Though Swett denied the injunction filed by the Coalition to Preserve McIntire Park that would have halted work immediately on the Albemarle County portion of the Meadowcreek Parkway (MCP), he found that the group has standing to bring suit and will hear the merits of the case.

“That is wide open,” said Swett, referring to the merits, where there is little case law to guide the court’s decision. “Basically, we are on new ground.”

The Coalition to Preserve McIntire Park, a loosely defined group that includes longtime MCP foes Rich Collins, Stratton Salidis and Peter Kleeman, contends that the city illegally granted VDOT easements for the road. Those easements are on a parcel that had been a softball field used by Charlottesville High School, but the city voted 3-2 in June 2008 to grant VDOT the easements. A deed was recorded in January; VDOT paid the city $43,120 for the perpetual right and easement across nine acres. The Coalition argues that that transfer was as a sale, and therefore required a three-fourths majority.

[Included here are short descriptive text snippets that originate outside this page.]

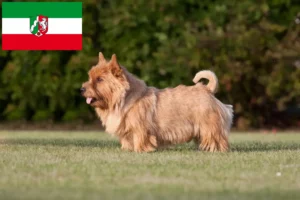 Read more about the article Norwich Terrier Züchter und Welpen in Nordrhein-Westfalen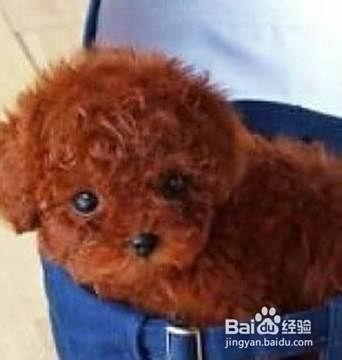 泰迪犬的饮食注意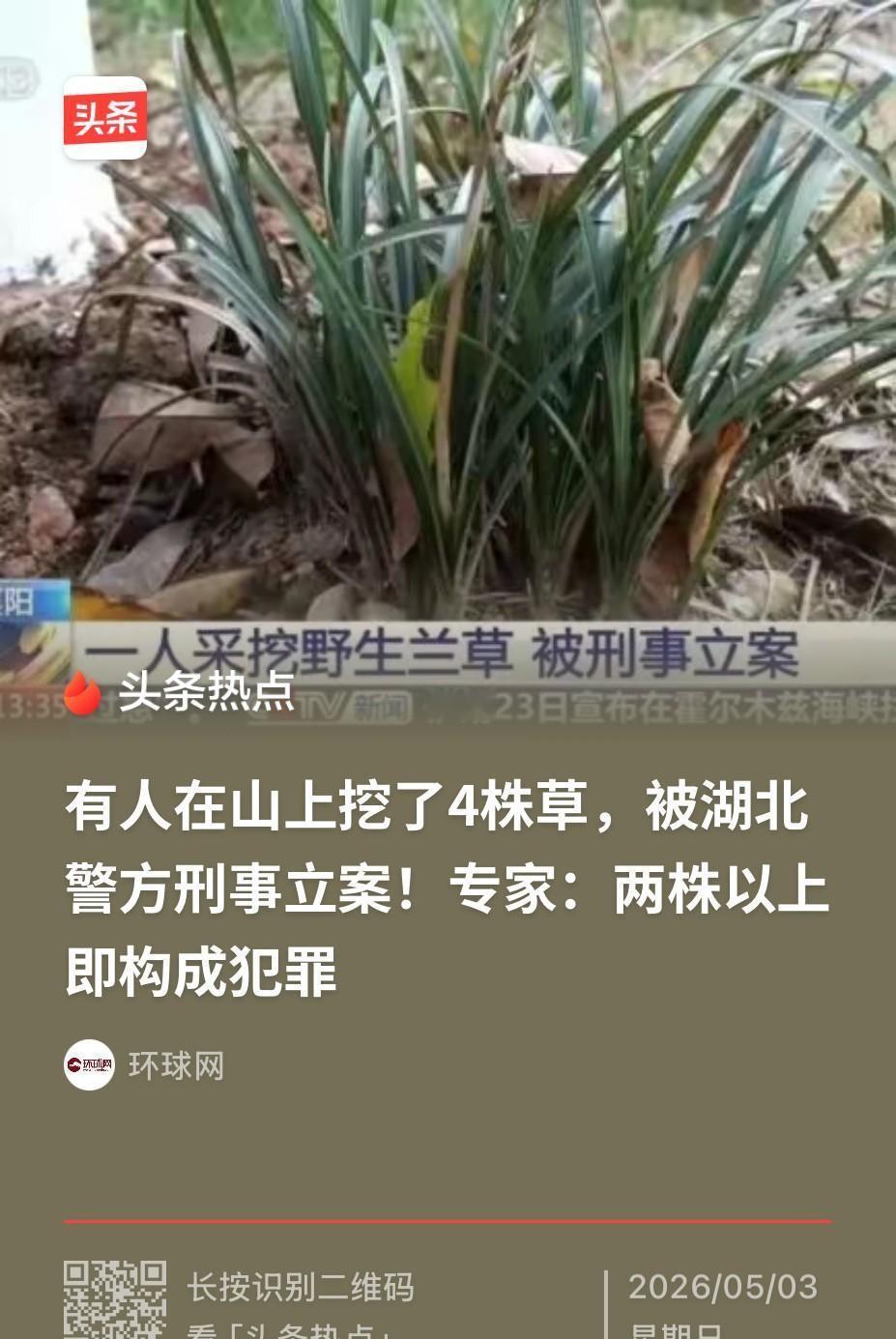 湖北襄阳这起案子，把无数人吓出一身冷汗——不是因为犯罪手段多恶劣，而是因为太容易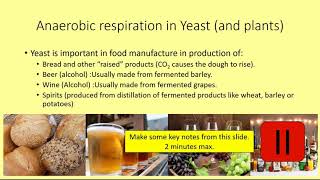 GCSE Biology: Anaerobic respiration in yeast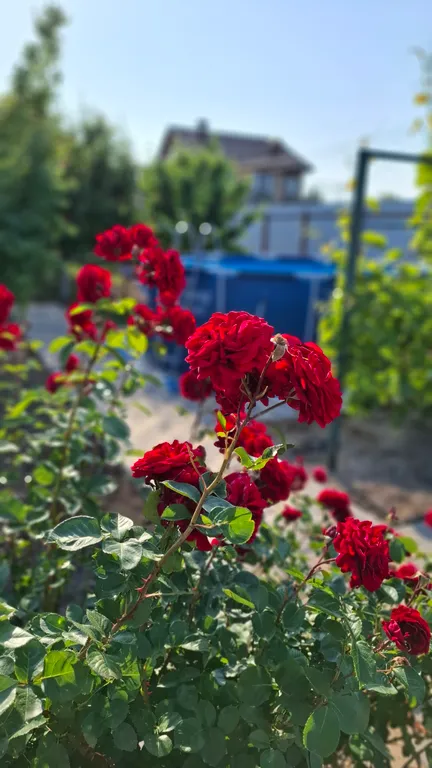 Уютный дом на берегу Азовского моря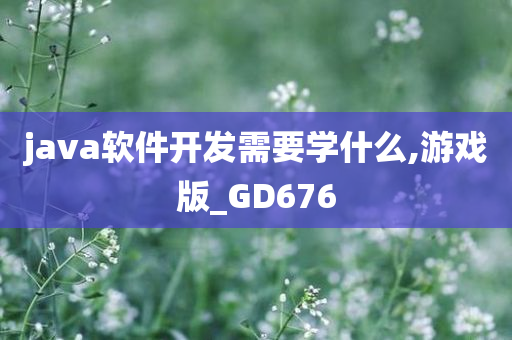 java软件开发需要学什么,游戏版_GD676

During the hearing, Swett politely but unflinchingly grilled each attorney, turning the courtroom into a de facto law school class as the lawyers stumbled in their replies to get at the issues. In the end, he ruled that at this point, with full-blown construction going on at the site, an injunction wouldn’t be meaningful and the $20,000 per day cost it would levy on VDOT (and ultimately on taxpayers) was too much.

“The harm has been done already,” Swett said, wondering why the suit wasn’t filed many months before work began.
That decision didn’t deter MCP opponents. “I don’t really feel like this is a loss,” Kleeman, who took the stand along with Collins, Salidis and John Cruickshank, told C-VILLE afterwards. “It’s a good airing of the issue, and I just hope that the issue is really taken fairly and on its merits totally.”

Kleeman admitted that “most of the damage has been done. We were screwed by the calendar more than anything else. Once the deed was filed and we discovered it, I think we were pretty prompt at getting together a claim.”

City Attorney Craig Brown challenged the ability of the Coalition to Preserve McIntire Park to bring suit, pointing out that the Coalition—which struggled to define its membership—didn’t have group hiking trips or softball games on the land in question. Though Swett ruled in favor of the Coalition, he warned that his decision would likely be challenged on appeal.

But that might not matter for the Coalition, which thinks it has other ways to stop the Meadowcreek Parkway. If it can’t get enough pressure on City Councilor Julian Taliaferro—who is facing a primary battle for re-election and who, despite previous votes for the road, has recently made waffling comments on the MCP—the Coalition will likely pursue legal action on the two city segments of the Meadowcreek Parkway.